On the other end of the award overload spectrum are the Hollywood Makeup Artist and Hair Stylist Guild Awards. There are several hairstyling categories, including contemporary hairstyling, period hairstyling, character hairstyling, and innovative hairstyling. They're even handing out the George Westmore Lifetime Achievement Award, named after the first makeup man who, in 1917, was the first cosmetician hired by a studio. All six of Westmore's sons, including this year's recipient, Monty Westmore, went into the movie makeup business.

Anyway, there are some nominees who'll never make the Oscars, but have a shot at bringing home the MAHS Guild Award on March 19. They include "Simpatico," the universally panned film adaptation of Sam Shepard's play, which is up against "American Beauty," "The Thomas Crown Affair," and "Anywhere But Here" for Best Contemporary Hairstyling. "Austin Powers: The Spy Who Shagged Me" is odds-on to demolish "Tea With Mussolini" and "A Midsummer Nights Dream" in the best period makeup contest. The most hotly contested category is "Period Makeup in a Miniseries/Movie" with "The 60s," "And the Beat Goes On: The Sonny and Cher Story," and "Lansky" battling down to the wire.

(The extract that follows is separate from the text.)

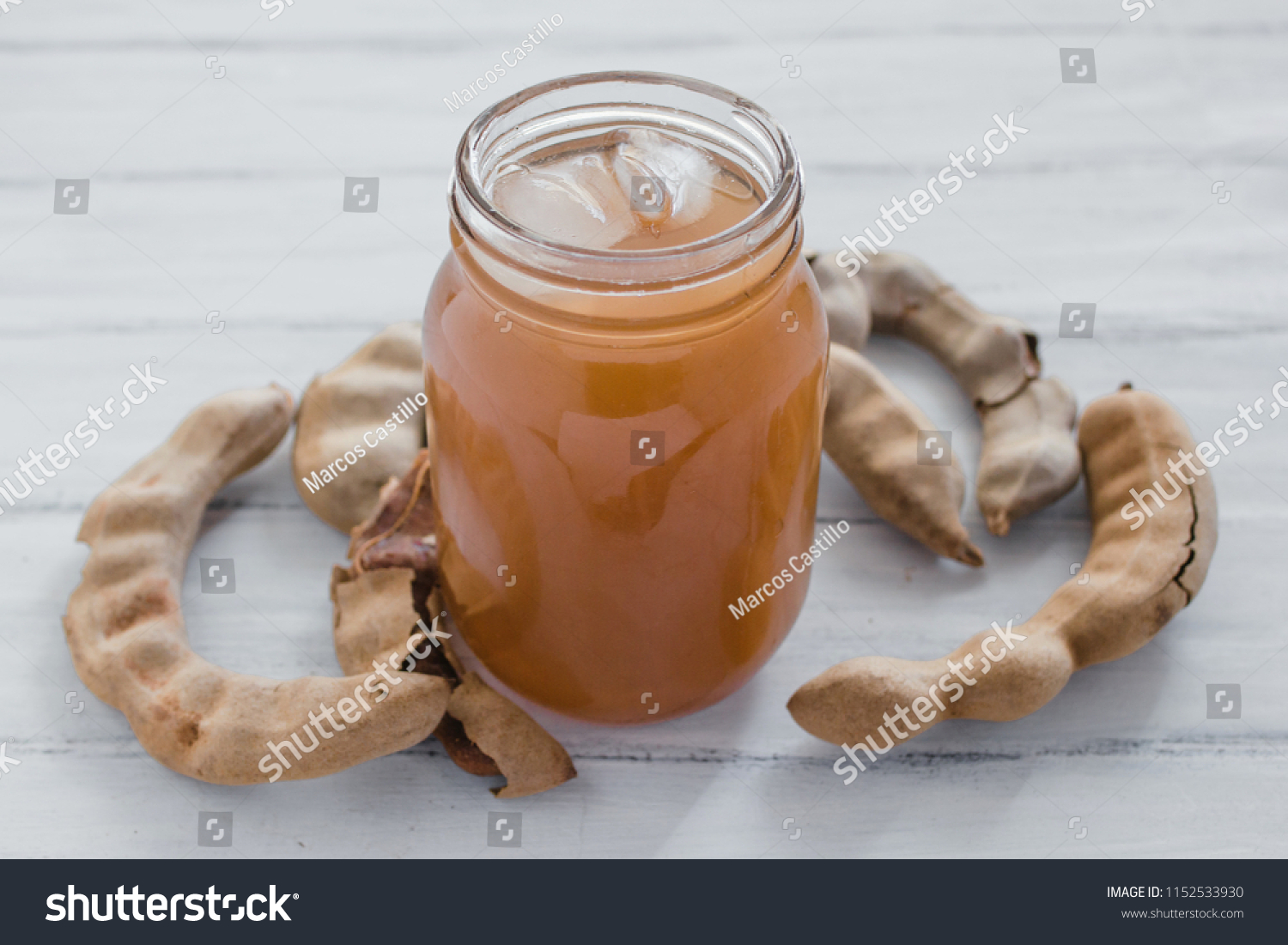 Tamarindo Drink Tamarind Water Sweet Juice Stock Photo Edit Now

THE SIGHT OF MUSIC Rumors are hot and heavy that the release of the subtitled "The Sound of Music" (1965) will hit the United States this summer, after a very successful London run. In what must be the first great cultural milestone of the year 2000, Twentieth Century Fox is promoting the singing nun flick as a sing-a-long with all the lyrics printed along the bottom of the picture - sort of this year's version of "The Rocky Horror Picture Show." In London, a la "Rocky Horror," moviegoers show up in nun costumes and perform sequences from the film referred to as "The Sound of Mucous" by its own costar, Christopher Plummer. Fox hasn't decided yet whether Boston will be one of the "selected cities" for the summers first run.

This story ran on page N09 of the Boston Globe on 02/27/2000.